■ **Exercise objective**
When you copy the listing, skip the images and return each line verbatim.

■ **Dataset extract**

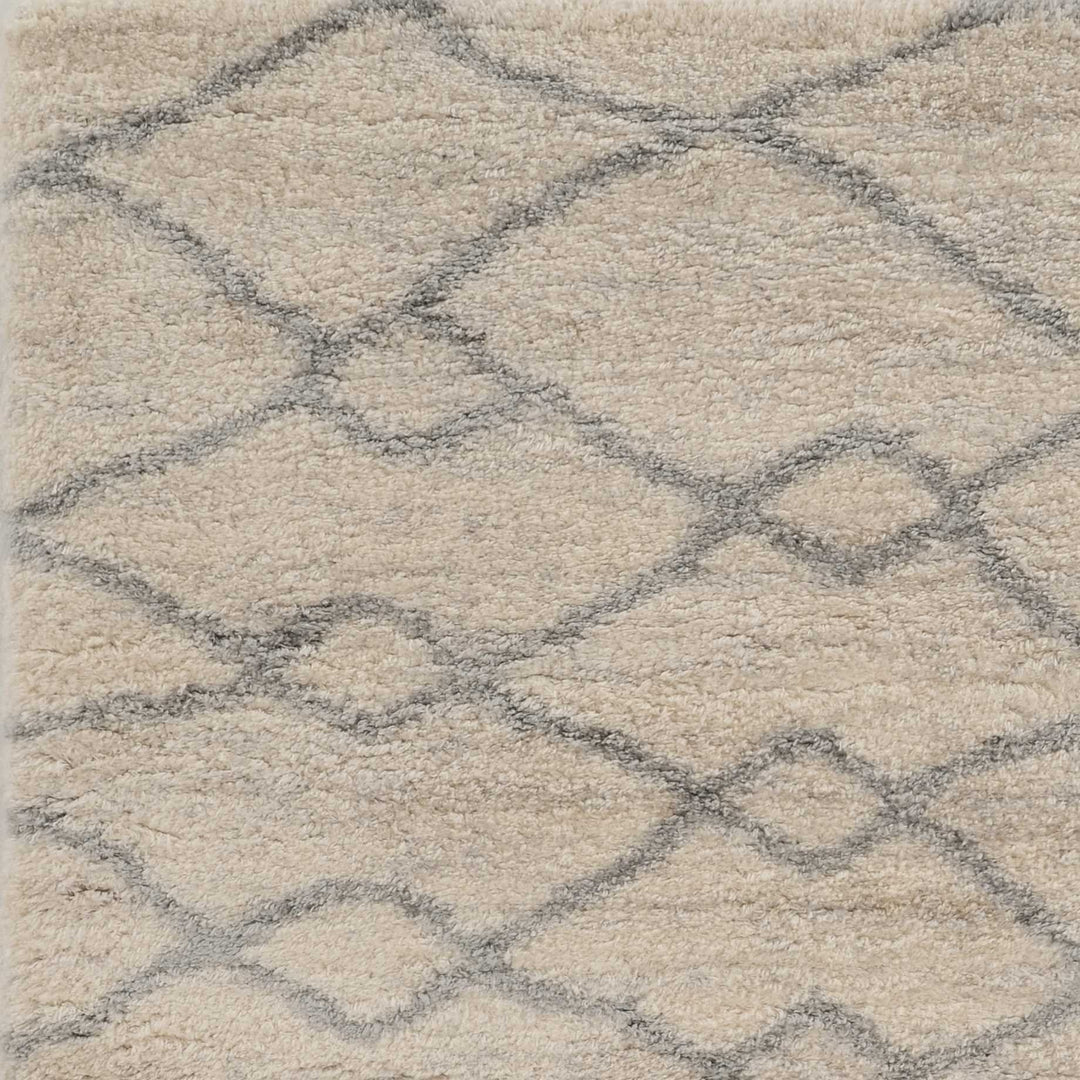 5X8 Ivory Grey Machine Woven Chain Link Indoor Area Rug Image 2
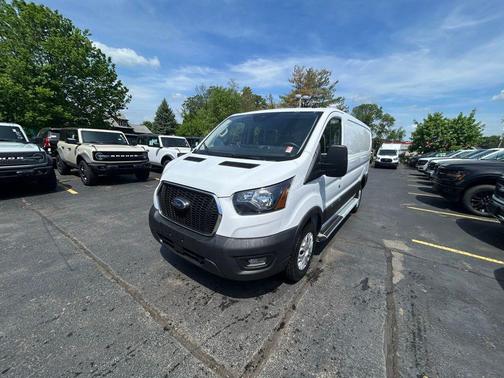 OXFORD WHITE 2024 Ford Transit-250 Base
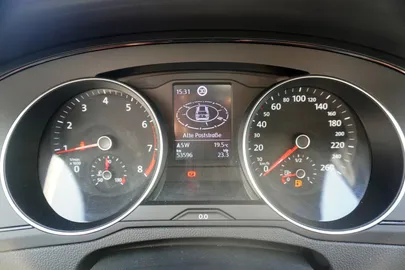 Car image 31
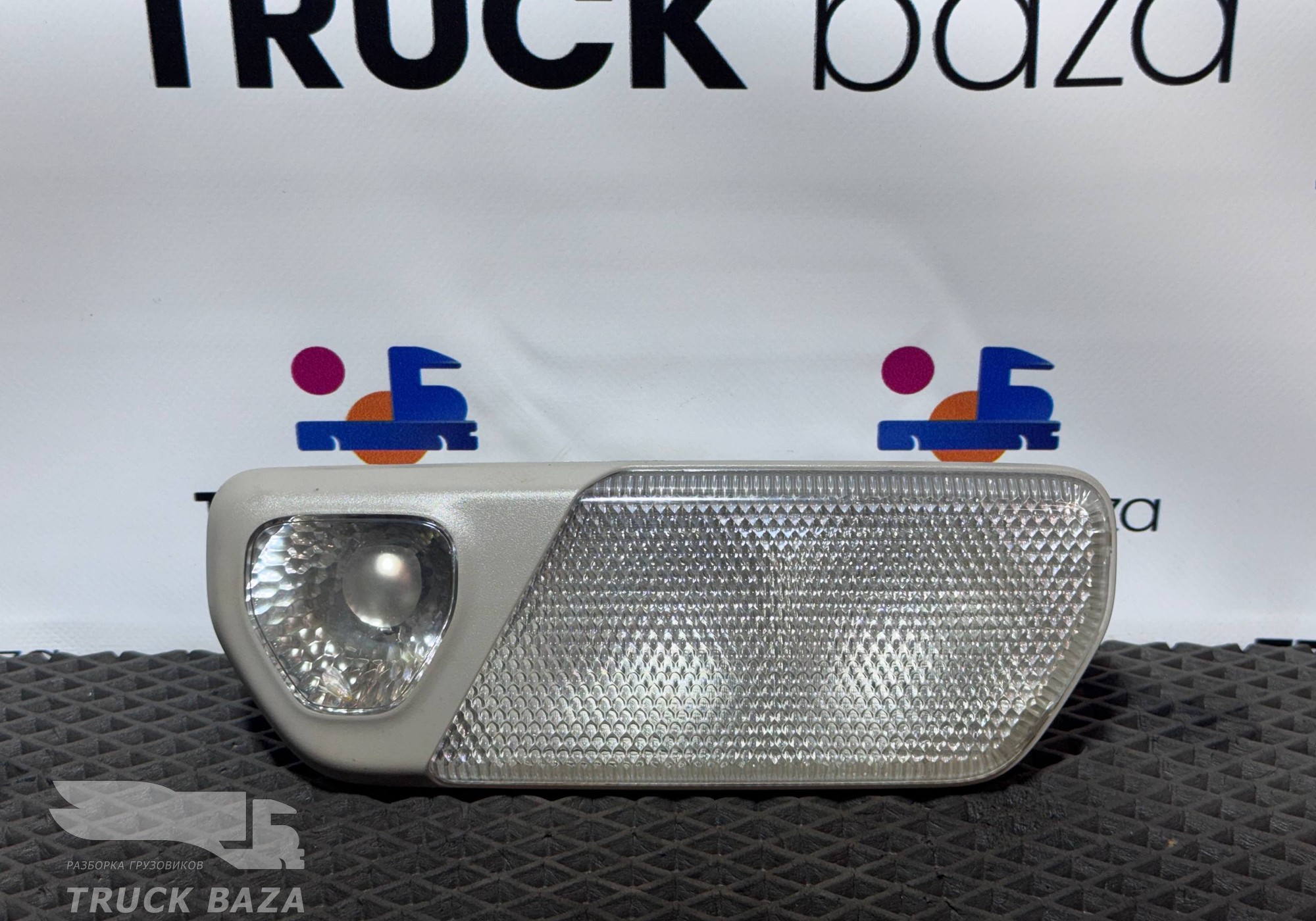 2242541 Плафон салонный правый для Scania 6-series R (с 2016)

■ **Written response**
 5X8 Ivory Grey Machine Woven Chain Link Indoor Area Rug Image 2
 OXFORD WHITE 2024 Ford Transit-250 Base
 Car image 31
 2242541 Плафон салонный правый для Scania 6-series R (с 2016)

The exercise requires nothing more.